As Hunter improved, he started to dream of excellence on the high school track when disaster struck last year.

“I couldn’t get out of bed and I was sick,” Hunter said. “We thought for awhile it was COVID but it really wasn’t. I had spinal meningitis and nobody knew it.”

“He was sick, he was losing weight,” Anna added. “It’s very hard to see when your child is struggling and nobody really knows what’s wrong.”

Just as Hunter was going through multiple risky surgeries, the worst happened.

“My family got COVID and my dad, he was fine and then it really downhill in about a day. And then he passed away,” Martin said.

“When you think that nothing else bad could ever happen in your life and then something bad like losing a husband or losing a parent happens, it’s something that you can’t even describe,” Anna said.

With a grieving heart, Hunter got back in his chair and pushed forward, honing his skills with every practice.

“It’s just a gift from higher above that he has that determination and that drive to want to be the best,” Higgins said.

That drive took him all the way to the 2022 GHSA State Championship meet in May.

“That was probably the most nervous I’ve ever been going into something, knowing that was something really big that I’ve worked all year for. So I didn’t want to mess up,” Hunter said.

Hunter did a little better than that, winning both of the races he competed in; the 200-meter race and the 800-meter race – two state titles for one extraordinary athlete.

“I was hollering,” Anna said. “I was just jumping up and down and hollering ‘oh my god, he won, he won.’”

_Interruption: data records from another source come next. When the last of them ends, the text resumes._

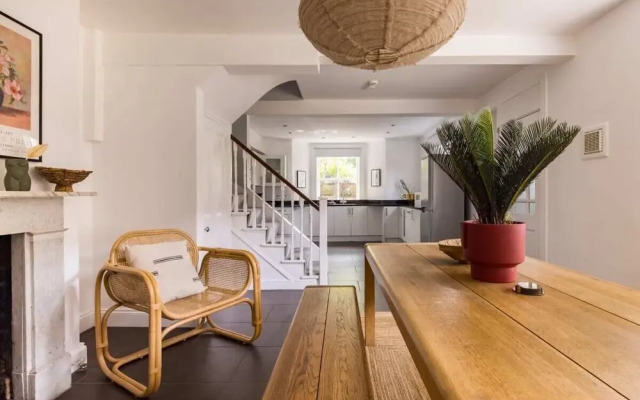 The Hackney Secret - Stylish 2bdr House With Garden, London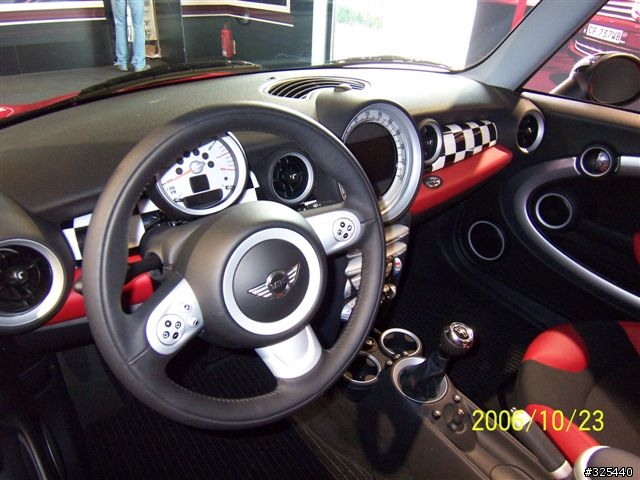 [圖多]2007年式樣 MINI 以及Peugeot 207數張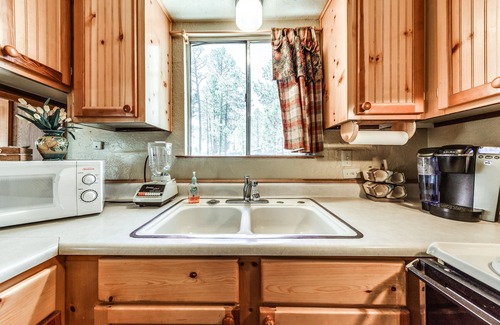 Ruidoso Cabaña | Cozy Cabin w/ Deck < 1 Mi to Midtown Ruidoso!
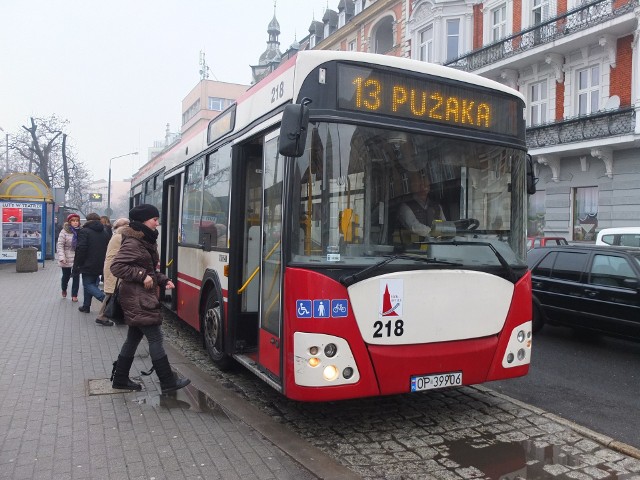 Autobusy linii 13 obsługują m.in. Sławice. Łącznie do nowych dzielnic dojeżdża obecnie osiem dziennych linii oraz pięć nocnych.
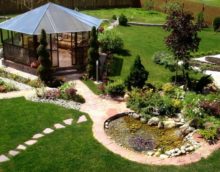 Zahradní nábytek a domácí rybník v zahradě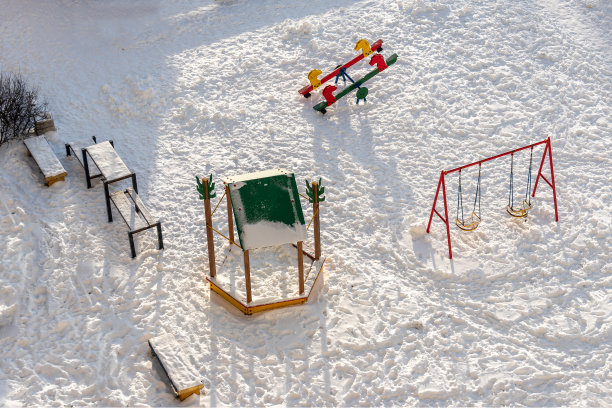 冬天，孩子们在院子里玩秋千、滑梯。图片下载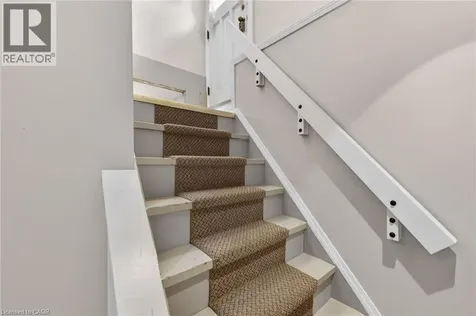31 Larchwood Drive St. Catharines ON L2T 2H4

As he accepted his medal, Hunter couldn’t help but feel his father’s presence there with him.

“When I was on the podium, I felt like I did what he would have wanted me to do, which is do something and don’t quit and just do what you want to do,” Hunter said.

Practice is over for the day and it’s time to get out of the heat, but tomorrow’s challenges will come soon enough and Hunter will be there, waiting to overcome them foot by foot.